In your magical world of make believe where you can make the cores wider with no die size penalty and increase the single threaded performance, sure, that would be great, but we don't live in the land of Martini makes up the rules of physics.
It's software that can't utilise the threads.
Pretty much in the majority of situations, only half of the integer cores will be getting used lol.
I really have no idea what you are getting at with this, it seems to be not the first time where you suggest a 10-25% performance bump in single threaded performance is laughable as it won't improve 8 threaded performance.........
Yet in any other post all you complain about is single threaded performance, and randomly ignore the fact that with 8 threads Bulldozer beats the 2600k multiple times and the 2500k almost every time. So the one area it would bump performance is the one area you complain about but this is somehow.... laughable.
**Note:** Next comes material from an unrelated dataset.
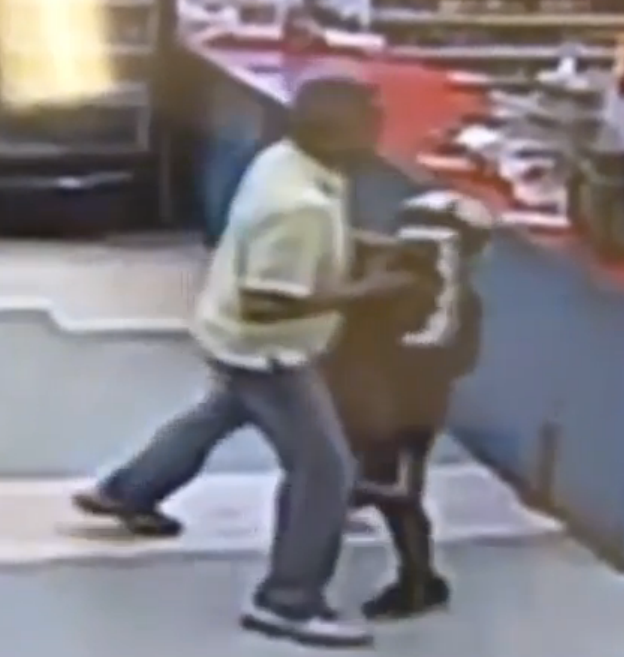 Surveillance video from a grocery store in West Palm Beach, Florida, shows an employee attempted to wrestle a gun away from a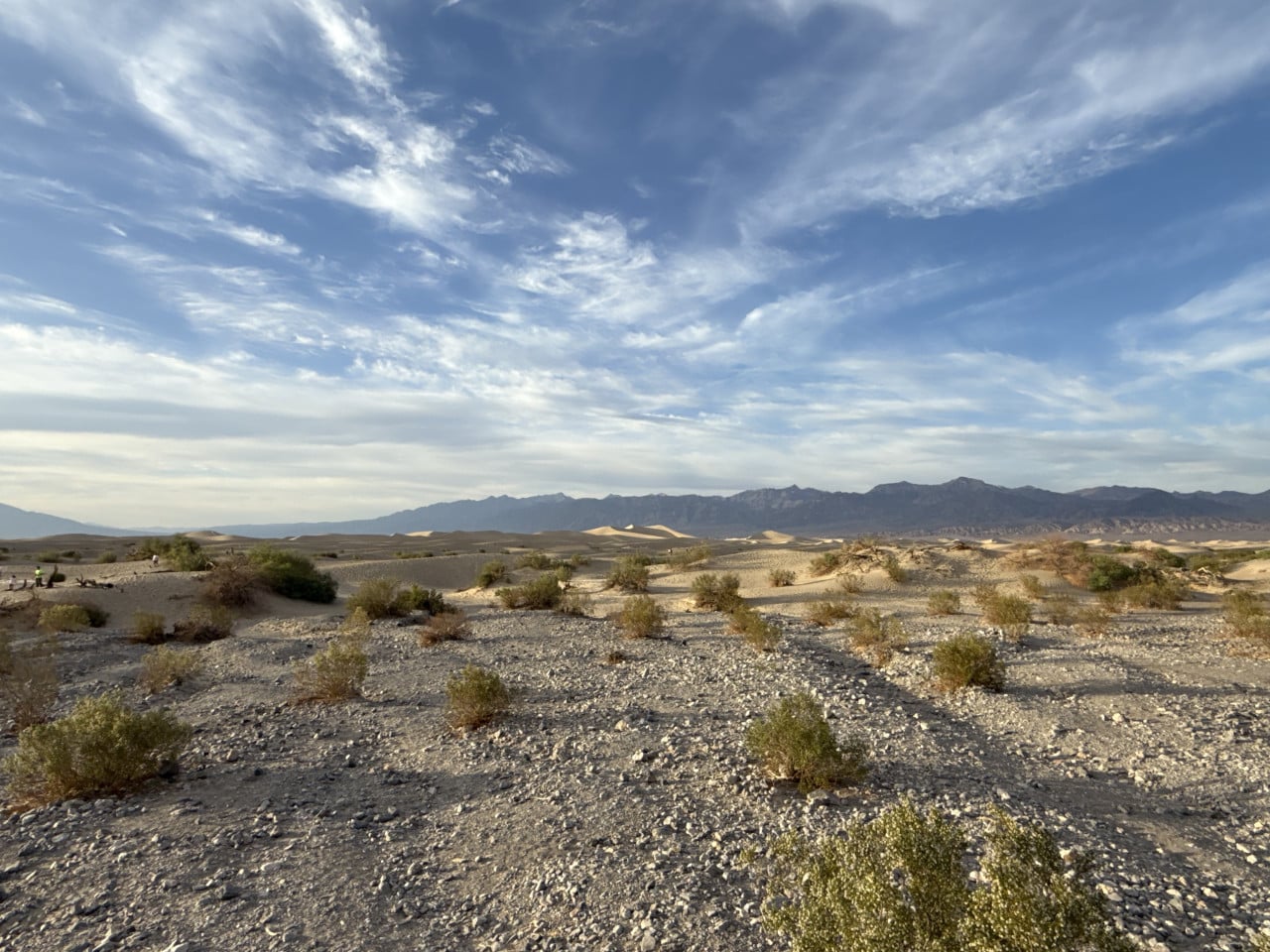 Pouštní duny v Death Valley pod rozlehlou modrou oblohou s mraky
More importantly, with a 15-25% bump in single threaded performance in 4 or less threaded performance, Bulldozer would likely beat the x6/x4 in almost every single situation with mostly similar clock speeds.
Lets be honest, you talked crap about Bulldozer when you didn't understand it, you talked crap and literally lied about what other people had supposedly said about it ( You have indeed accused me of saying Bulldozer would be awesome and be faster than Sandybridge, when I was infact one of the few to point out exactly why it would not), you're still talking crap about Bulldozer even ignoring all facts now known. You consistantly call it slower than an X6/x4/previous gen, despite multiple situations in which it trashes the x6/x4, which are, as it happens, area's where software will be going more frequently in the coming years and, meh, not much else needs to be said.
You've been trolling this thread since the start, posting more ill informed crap than anyone else, doing a bit of a "raven" by trying to hype expectation about what you think it should do, then coming in after and saying how crap it is and you seem to have a fundamental lack of knowledge about errm, everything in which you talk about.